While Amazon went on to say it had corrected the issue and do not believe that any passwords were found by a third party but only issued this forced-resets out of an “abundance of caution.” That said, if the problems were on the customers end it begs the question why a password reset on Amazon's end would be effective?
Some industry commentators have put it down to Amazon's thorough security mindset and the looming shopping holiday of Black Friday. The riot-inciting day of deals has been known to be an active time for not only shoppers but for cyber-criminals looking to breach their accounts.
Mark Stollery, a managing consultant for Enterprise and Cyber Security at Fujitsu welcome the reset: “The password reset is a sensible measure, even if it causes short-term nuisance. Amazon is reducing its vulnerability by proving that it can spot suspicious incidents and deal with them swiftly.

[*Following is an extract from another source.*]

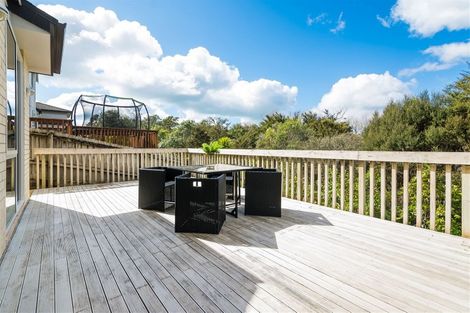 Photo of property in 15 Catlins Place, Fairview Heights, Auckland, 0632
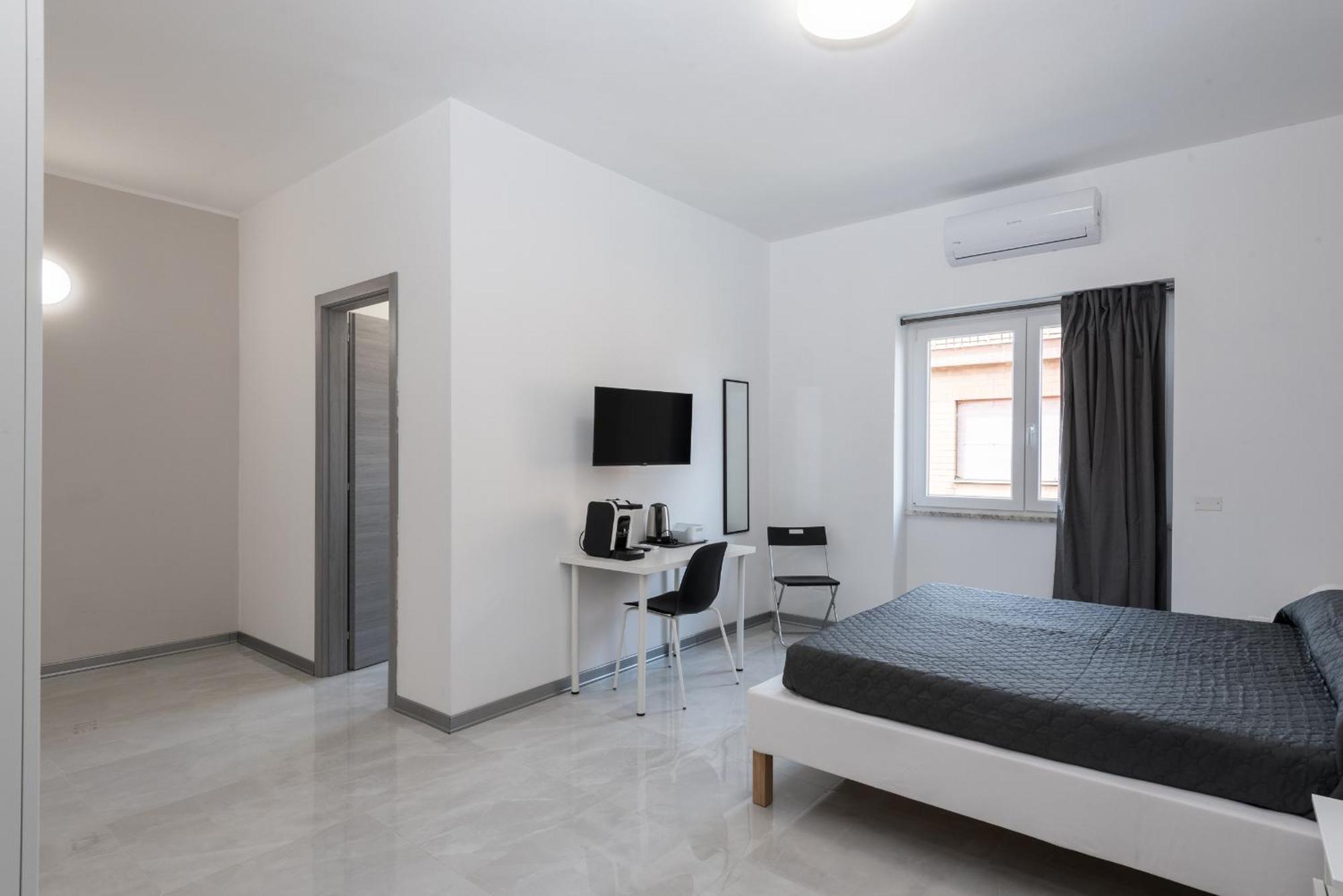 Travelershome Ciampino Airport Guesthouse 600M To Airport Esterno foto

Stollery added that this proactivity is something that others might want to start thinking about: “research from Fujitsu indicates that only 9 percent of UK consumers believe organisations are doing enough to protect their data, so Amazon and others will need to continually demonstrate their cyber security competence if they are to keep the trust of their customers."
David Kennerley, senior manager for threat research at cybersecurity firm Webroot, echoed that sentiment to SC: “This move by Amazon should be highly commended because it's step further than just meeting standard security legislation, and instead they are actively going above and beyond to tackle an issue.”
Kennerley added that the new addition of two-factor authentication to amazon customers was a welcome addition: “The move towards two factor authentication is also a positive step, with Amazon following in the footsteps of sensitive industries such as banking. Between these two changes we are likely to see Amazon account holders' personal details be far more secure.”
SC spoke to Professor Kenny Paterson, an academic at Royal Holloway university who exposed a vulnerability in Amazon Web Services (AWS) earlier this year. AWS was in the process of switching from OpenSSL to a system called S2N and within days of Paterson and his colleagues told Amazon of the vulnerabilities he discovered.
S2N could be attacked with a ‘Lucky 13' attack. Paterson and his colleagues found, with about 8.39 million encrypted sessions, an attacker could recover one byte of plain text. That, Paterson told SC, is “quite high but the point was the system that AWS was releasing was meant to be bulletproof.” If a company like Amazon is going to make that switch “you've got to be damn serious.”
That said, Paterson was keen to say how responsive Amazon were to his disclosures: “The really good thing is that this was all done within days of AWS making their source code available and patched it quickly.”